Automation for accident reports processing
About the Client
The client is a commercial web-based service that supplies vehicle history reports to individuals and businesses on used cars and light trucks for American and Canadian consumers.
Story Line
FiveS Digital works on document digitalization of accident reports of various cities through a portal, and situations have dramatically changed after post covid which affected the working procedure, so to provide a solution to the client we implemented various technologies for automation.
Challenges
- Manual data entry processing required human resource which was a challenge due to conditions arising during Covid, and due to this TAT achievement went down.
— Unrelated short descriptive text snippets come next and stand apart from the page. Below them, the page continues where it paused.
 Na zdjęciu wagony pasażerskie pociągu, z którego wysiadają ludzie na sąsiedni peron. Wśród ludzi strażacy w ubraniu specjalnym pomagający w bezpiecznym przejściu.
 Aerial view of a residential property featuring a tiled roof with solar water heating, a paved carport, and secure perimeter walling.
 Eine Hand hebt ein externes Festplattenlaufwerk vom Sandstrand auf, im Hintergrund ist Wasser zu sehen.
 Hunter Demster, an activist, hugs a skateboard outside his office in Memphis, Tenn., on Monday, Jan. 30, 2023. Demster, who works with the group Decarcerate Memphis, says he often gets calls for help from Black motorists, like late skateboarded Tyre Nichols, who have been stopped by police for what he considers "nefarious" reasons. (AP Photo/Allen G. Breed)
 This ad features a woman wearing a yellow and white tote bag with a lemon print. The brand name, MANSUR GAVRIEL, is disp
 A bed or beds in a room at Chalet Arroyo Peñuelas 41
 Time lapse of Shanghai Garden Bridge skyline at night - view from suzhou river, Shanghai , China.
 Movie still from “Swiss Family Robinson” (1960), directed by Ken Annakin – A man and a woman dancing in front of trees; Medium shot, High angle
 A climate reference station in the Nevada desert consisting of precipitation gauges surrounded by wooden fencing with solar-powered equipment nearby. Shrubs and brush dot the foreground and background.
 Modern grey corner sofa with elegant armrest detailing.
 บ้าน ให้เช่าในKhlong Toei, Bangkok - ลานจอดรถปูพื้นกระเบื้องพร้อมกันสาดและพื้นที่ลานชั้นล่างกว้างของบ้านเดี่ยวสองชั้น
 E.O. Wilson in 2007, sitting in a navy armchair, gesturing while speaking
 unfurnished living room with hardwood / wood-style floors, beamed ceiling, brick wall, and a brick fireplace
- Processing time taken for each image was 210 secs which was affecting the delivery and TAT.
- The process had 100% audit allocation which almost costed 50-60% of the processing cost, so with higher volumes, 100% audit was a challenge, and random method affected the quality target which was 99.5%.
Automation Challenges
- Multiple type of accident reports of various agencies with many pages and fields had to be identified through the system.
- The entire data extraction process was a challenge due to unstructured pdf's along with implementation of process rules which were different for each agency.
- At start of the project the processing time was reduced to 120 secs per image but still it was not optimized.
Solution
- Robotic Process Automation(UiPath) technology was identified and implemented for automating the data entry processing along with AI and ML algorithms.
- Identified the behavior, tenure, past performance and attendance-based logic, A quality sample size recommendation engine built on the defined logic through UiPath, Daily update of quality scores generates quality audit % user wise.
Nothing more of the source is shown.